Tras aquella segunda entrevista, como periodista especializado en temas aeronáuticos y aeroespaciales, hice otras varias entrevistas a Neil con quien llegué a trabar una buena amistad. En la última entrevista que le hice, creo recordar que en el año 2004, me dijo: ‘Eres un buen periodista y un buen amigo que ha sabido guardar pacientemente nuestras conversaciones privadas, así que, ahora que hace ya algunos años que murieron las personas a las que afectaban las primeras palabras que pronuncié al llegar a la Luna, te voy a desvelar su verdadero significado’. Mi corazón dió un vuelco. Y Neil empezó a contarme su relato:

Siendo yo un chaval de unos 12 ó 13 años, al igual que los chavales de medio país, solía jugar al beisbol, y a veces, junto con otros niños de la vecindad, jugábamos en la barriada de chalets donde vivíamos. De vez en cuando la pelota golpeaba algún coche aparcado en las inmediaciones o hacía añicos el cristal de alguna ventana del vecindario, y algunos vecinos estaban hartos de nosotros, entre ellos los señores Robinson.
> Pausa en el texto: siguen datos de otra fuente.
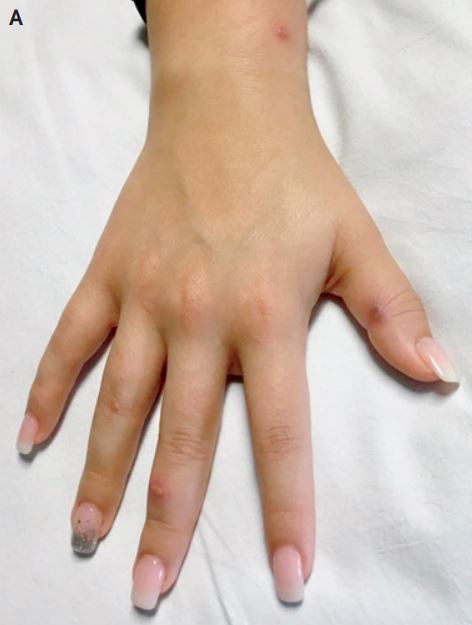  A woman was diagnosed with gonorrhoea after turning up at A&E with blisters covering her hands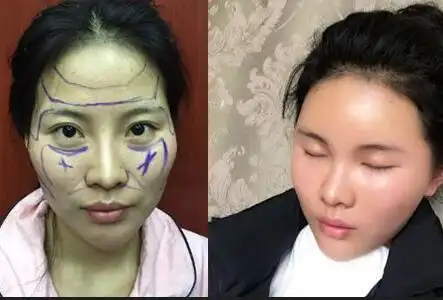 整张脸就像一张皮覆盖在头颅上的,所以一次性做了 自体脂肪面部填充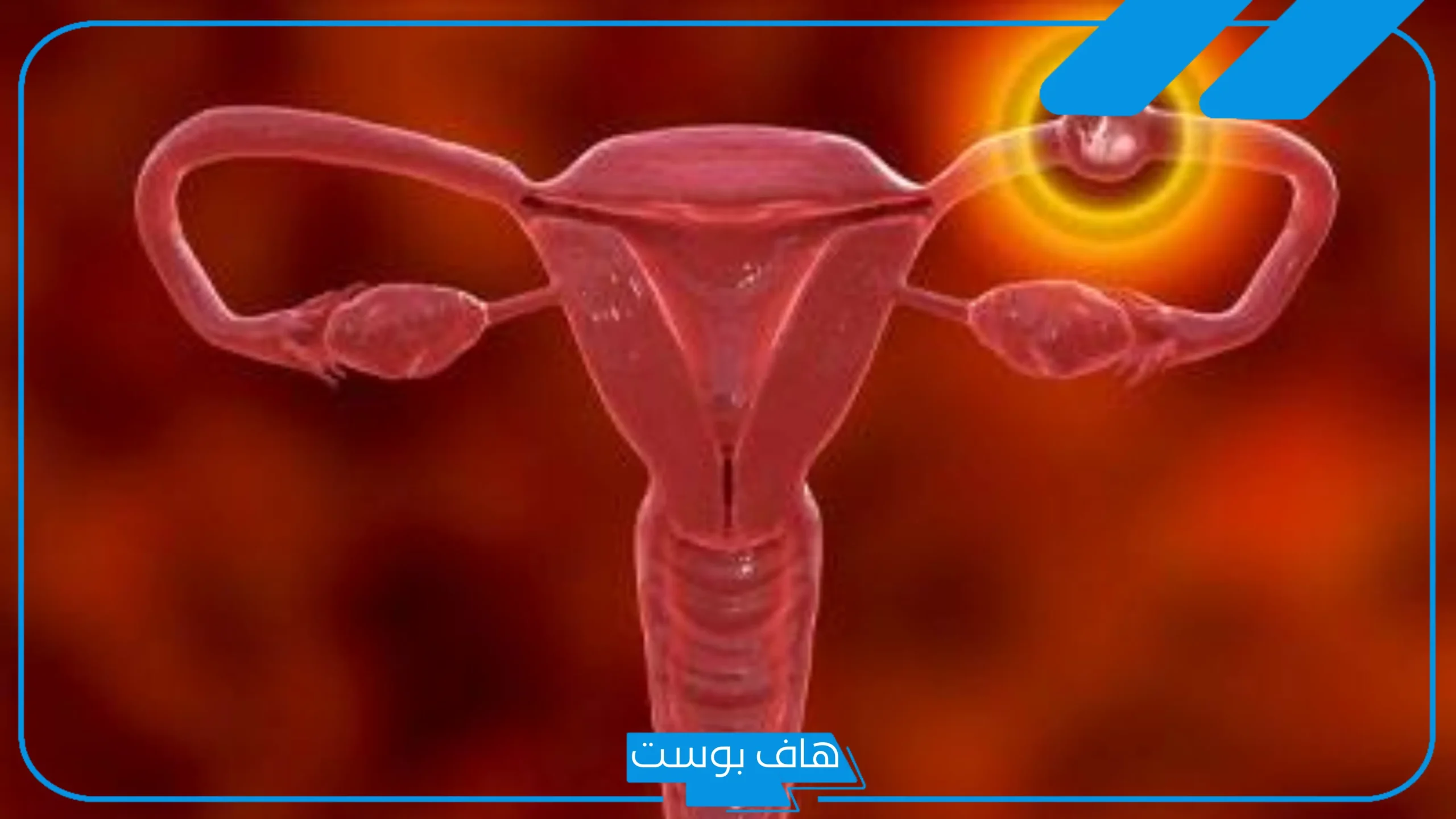 تجربتي مع الحمل خارج الرحم بالأسباب والأعراض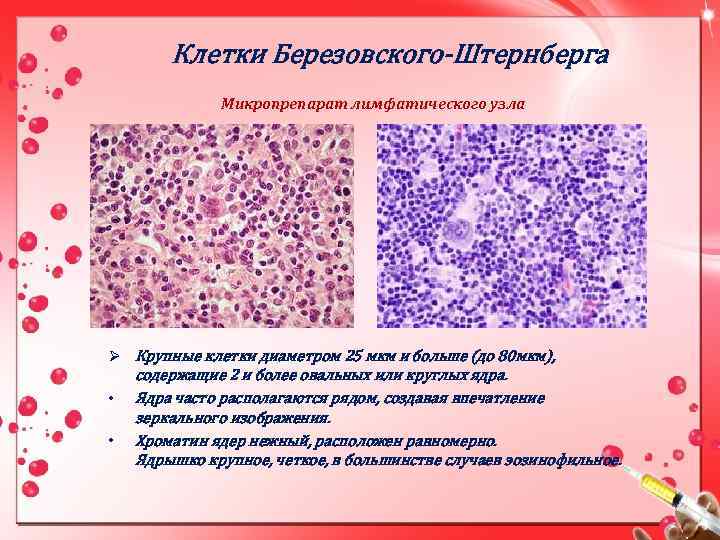 Клетки Березовского-Штернберга Микропрепарат лимфатического узла Ø Крупные клетки диаметром 25 мкм и больше (до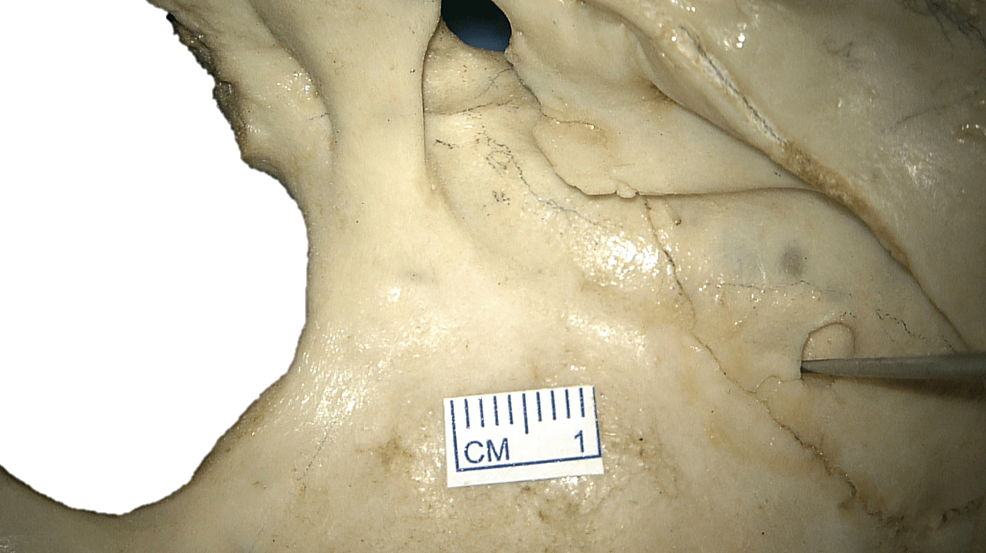 Cureus Granular Foveolae in the Groove of the Sigmoid Sinus An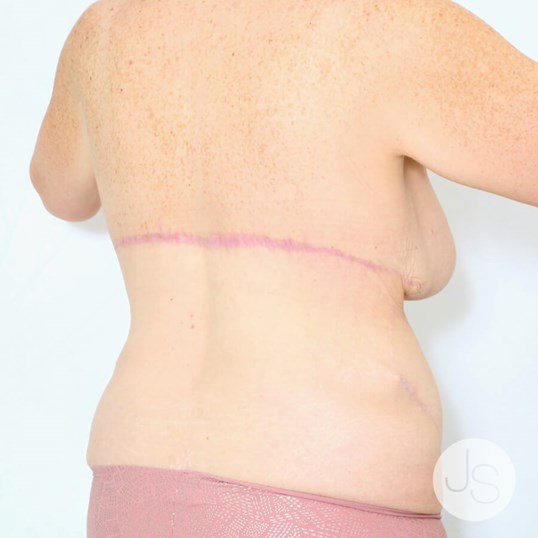 Bra Line Back Lift Before & After Photos Patient 1001680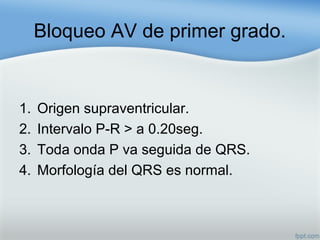 Bloqueo AV de primer grado.
1. Origen supraventricular.
2. Intervalo P-R > a 0.20seg.
3. Toda onda P va seguida de QRS.
4. Morfología del QRS es normal.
Un día la pelota iba directa hacia una de las ventanas del chalet de los señores Robinson y yo me eché las manos a la cabeza, pero afortunadamente la pelota golpeó la rama de un árbol y cayó justamente delante de la ventana del dormitorio de los señores Robinson. Ufff…. dije… ¡menos mal que esta vez no rompimos el cristal! Para evitar una posible bronca de los señores Robinson, fui a buscar la pelota arrastrándome por el suelo del jardín para que no me vieran, y al llegar a la ventana de su dormitorio escuché como la señora Robinson le decía al pobre señor Robinson: ‘¿Estás loco? ¡Que dices! ¿Que te haga una mamada? ¿Sabes que te digo yo?’ y añadió: ‘¡Te haré la mamada el día en que nuestro vecinito Neil ponga sus pies en la Luna!’

FelacionY Amstrong, Neil para los amigos, estalló en una tremenda carcajada, y fnalmente dijo: ‘Espero que la señora Robinson haya cumplido su promesa y el señor Robinson haya disfrutado de una estupenda mamada! Era un buen hombre y se la merecía’.

Y para mí, al fin, y para todos vosotros, quedó desvelado el tremendo arcano de las primeras palabras que realmente pronunció el primer hombre que llegó a la Luna tras poner sus pies en la gris superficie lunar; palabras, hechos y emociones realmente trascendentales que deberían quedar grabadas con letras de oro en los libros de la Historia de la Humanidad. A su lado, la frase ‘oficial’ palidece, suena a hueca y no tiene valor alguno, pero es así, con silencios y frases grandilocuentes, como se falsea la Historia y como a los ciudadanos se nos engaña y se nos escamotea lo verdaderamente importante.